Speaker: Jeffery Larson, QNEXT, Argonne NL, 2:50-3:05, Discussion 3:05-3:10
Title: Specialized Numerical Optimization Algorithms for QIS
Abstract: Numerical optimization problems abound across the quantum information science landscape. General-purpose numerical optimization methods often fail to identify high-quality solutions in a reasonable time. This talk highlights how newly developed specialized optimization methods can exploit problem structure to more efficiently solve some QIS problem instances. This talk provides an overview of these methods and highlights their application to problems in optimizing circuit synthesis, entanglement, and quantum Fisher information. Hopefully, these examples will spark discussions for future collaborations.

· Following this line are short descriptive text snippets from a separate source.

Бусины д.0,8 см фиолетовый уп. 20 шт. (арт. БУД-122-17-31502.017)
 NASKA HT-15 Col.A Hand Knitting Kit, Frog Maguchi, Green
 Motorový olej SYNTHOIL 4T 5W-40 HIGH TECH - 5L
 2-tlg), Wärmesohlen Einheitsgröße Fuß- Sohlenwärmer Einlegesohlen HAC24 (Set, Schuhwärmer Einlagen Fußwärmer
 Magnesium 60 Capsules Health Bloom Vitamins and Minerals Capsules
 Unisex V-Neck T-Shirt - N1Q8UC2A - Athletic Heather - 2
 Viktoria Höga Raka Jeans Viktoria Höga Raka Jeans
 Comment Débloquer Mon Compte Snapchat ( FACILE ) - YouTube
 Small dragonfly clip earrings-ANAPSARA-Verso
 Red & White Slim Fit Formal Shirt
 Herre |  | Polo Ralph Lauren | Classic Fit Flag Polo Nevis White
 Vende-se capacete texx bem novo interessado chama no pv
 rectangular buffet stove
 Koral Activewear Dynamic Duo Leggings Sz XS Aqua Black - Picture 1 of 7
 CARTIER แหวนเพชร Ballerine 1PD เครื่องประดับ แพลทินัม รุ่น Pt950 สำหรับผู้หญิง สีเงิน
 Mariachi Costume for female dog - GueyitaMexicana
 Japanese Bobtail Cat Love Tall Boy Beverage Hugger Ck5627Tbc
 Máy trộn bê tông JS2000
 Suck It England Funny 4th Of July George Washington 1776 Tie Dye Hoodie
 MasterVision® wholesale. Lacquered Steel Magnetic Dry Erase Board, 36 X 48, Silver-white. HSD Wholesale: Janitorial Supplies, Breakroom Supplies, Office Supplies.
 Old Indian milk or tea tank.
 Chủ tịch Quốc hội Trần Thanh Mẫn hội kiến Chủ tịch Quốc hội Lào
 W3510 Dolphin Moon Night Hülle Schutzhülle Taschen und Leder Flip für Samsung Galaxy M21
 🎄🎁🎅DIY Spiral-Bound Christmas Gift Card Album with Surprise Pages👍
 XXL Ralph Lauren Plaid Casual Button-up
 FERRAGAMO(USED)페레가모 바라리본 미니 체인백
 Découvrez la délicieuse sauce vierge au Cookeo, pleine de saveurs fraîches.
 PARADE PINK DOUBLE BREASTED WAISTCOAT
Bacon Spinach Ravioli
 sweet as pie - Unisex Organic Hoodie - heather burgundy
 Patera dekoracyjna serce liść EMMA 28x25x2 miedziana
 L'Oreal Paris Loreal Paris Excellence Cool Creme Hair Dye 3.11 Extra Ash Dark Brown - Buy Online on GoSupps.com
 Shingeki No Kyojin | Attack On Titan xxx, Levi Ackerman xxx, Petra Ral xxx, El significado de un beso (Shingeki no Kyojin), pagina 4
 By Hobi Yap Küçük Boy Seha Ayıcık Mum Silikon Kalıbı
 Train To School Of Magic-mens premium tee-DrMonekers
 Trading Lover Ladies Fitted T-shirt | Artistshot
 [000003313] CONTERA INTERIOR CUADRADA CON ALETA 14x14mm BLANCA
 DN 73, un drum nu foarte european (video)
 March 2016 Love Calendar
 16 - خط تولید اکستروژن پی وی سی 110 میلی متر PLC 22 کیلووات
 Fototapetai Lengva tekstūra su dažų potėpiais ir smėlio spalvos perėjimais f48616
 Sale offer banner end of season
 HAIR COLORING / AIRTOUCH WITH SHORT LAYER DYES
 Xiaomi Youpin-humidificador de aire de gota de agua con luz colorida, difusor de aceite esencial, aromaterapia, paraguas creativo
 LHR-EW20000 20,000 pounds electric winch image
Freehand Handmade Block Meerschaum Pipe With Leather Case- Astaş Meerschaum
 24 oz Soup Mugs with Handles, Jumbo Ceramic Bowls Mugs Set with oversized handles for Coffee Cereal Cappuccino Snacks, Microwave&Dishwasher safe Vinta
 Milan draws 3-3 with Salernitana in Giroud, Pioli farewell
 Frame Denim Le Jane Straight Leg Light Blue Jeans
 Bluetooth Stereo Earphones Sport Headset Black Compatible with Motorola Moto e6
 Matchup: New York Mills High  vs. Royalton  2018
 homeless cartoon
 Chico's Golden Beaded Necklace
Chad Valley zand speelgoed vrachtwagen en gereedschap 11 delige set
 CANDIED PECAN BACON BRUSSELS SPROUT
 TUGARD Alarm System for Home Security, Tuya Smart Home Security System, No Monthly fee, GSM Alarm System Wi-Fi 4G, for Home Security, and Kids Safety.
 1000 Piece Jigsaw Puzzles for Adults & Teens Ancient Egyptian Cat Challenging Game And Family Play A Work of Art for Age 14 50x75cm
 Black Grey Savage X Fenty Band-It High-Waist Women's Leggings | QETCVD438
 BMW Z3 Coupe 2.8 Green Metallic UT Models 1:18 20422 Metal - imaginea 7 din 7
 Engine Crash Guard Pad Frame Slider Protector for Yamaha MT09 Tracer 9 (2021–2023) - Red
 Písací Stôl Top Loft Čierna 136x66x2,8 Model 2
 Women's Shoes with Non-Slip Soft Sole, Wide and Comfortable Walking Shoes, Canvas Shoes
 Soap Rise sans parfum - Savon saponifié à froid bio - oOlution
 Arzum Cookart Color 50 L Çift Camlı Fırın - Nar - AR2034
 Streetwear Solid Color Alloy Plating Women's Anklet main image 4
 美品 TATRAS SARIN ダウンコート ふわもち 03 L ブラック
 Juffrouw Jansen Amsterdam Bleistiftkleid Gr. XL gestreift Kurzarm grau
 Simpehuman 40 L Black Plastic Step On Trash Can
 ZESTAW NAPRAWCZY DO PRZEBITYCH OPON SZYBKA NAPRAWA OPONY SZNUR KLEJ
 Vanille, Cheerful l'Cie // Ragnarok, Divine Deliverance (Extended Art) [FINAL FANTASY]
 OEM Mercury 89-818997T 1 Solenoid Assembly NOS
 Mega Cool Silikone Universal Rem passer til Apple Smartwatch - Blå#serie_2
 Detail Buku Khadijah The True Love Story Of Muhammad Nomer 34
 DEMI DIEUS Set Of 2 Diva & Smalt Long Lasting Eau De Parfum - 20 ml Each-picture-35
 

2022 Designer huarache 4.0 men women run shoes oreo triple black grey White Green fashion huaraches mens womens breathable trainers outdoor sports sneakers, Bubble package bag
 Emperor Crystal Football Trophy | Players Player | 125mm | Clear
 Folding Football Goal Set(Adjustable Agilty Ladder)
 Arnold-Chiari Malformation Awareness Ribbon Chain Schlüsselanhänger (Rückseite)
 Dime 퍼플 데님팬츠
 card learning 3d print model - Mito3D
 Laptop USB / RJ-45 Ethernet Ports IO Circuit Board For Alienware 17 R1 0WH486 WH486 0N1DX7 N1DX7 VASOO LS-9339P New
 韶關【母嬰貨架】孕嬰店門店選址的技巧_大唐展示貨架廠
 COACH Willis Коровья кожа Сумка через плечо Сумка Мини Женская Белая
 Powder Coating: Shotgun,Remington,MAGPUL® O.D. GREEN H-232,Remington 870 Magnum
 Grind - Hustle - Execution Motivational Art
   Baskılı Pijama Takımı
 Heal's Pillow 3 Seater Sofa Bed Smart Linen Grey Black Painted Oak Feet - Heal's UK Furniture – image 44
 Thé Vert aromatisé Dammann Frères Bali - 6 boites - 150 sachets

Break 3:10-3:30 (light refreshments)
Speaker: Sergey Bravyi, IBM Q, 3:30-4:10, Discussion 4:10-4:20
Title: Quantum complexity of the Kronecker coefficients
Abstract: It is commonly believed that computational problems with a group-theoretic structure may benefit from quantum algorithms. I will discuss a well-known problem in this category: computing the Kronecker coefficients. Informally, Kronecker coefficients are entries of the multiplication table for irreducible representations (irreps) of the symmetric group. Given a triple of irreps $a,b,c$, the corresponding Kronecker coefficients is defined as the multiplicity of the irrep $c$ in the tensor product of irreps $a$ and $b$. Our main result is that a given Kronecker coefficient is proportional to the rank of a projector that can be measured efficiently using a quantum computer. As a consequence, deciding positivity of Kronecker coefficients is contained in the complexity class QMA, complementing a recent NP-hardness result of Ikenmeyer, Mulmuley and Walter. As a second consequence, we obtain an efficient quantum algorithm for computing a certain restricted set of Kronecker coefficients.
Joint work with Anirban Chowdhury, David Gosset, Vojtech Havlicek, and Guanyu Zhu
Speaker: John Preskill, QSA, Caltech, 4:20-5:00, Discussion 5:00-5:10
Title: Finding local minima and certifying quantum states
I’ll describe two recent results from our group at Caltech. (1) Finding local minima of the energy in quantum systems is quantumly easy and classically hard. (2) Single-qubit measurements suffice for efficiently certifying that a state in the lab is close to a desired target state.
References:
Local minima in quantum systems, Chi-Fang Chen, Hsin-Yuan Huang, John Preskill, Leo Zhou, arXiv:2309.16596.
Certifying almost all quantum states with few single-qubit measurements, Hsin-Yuan Huang, John Preskill, Mehdi Soleimanifar, arXiv:2404.07281.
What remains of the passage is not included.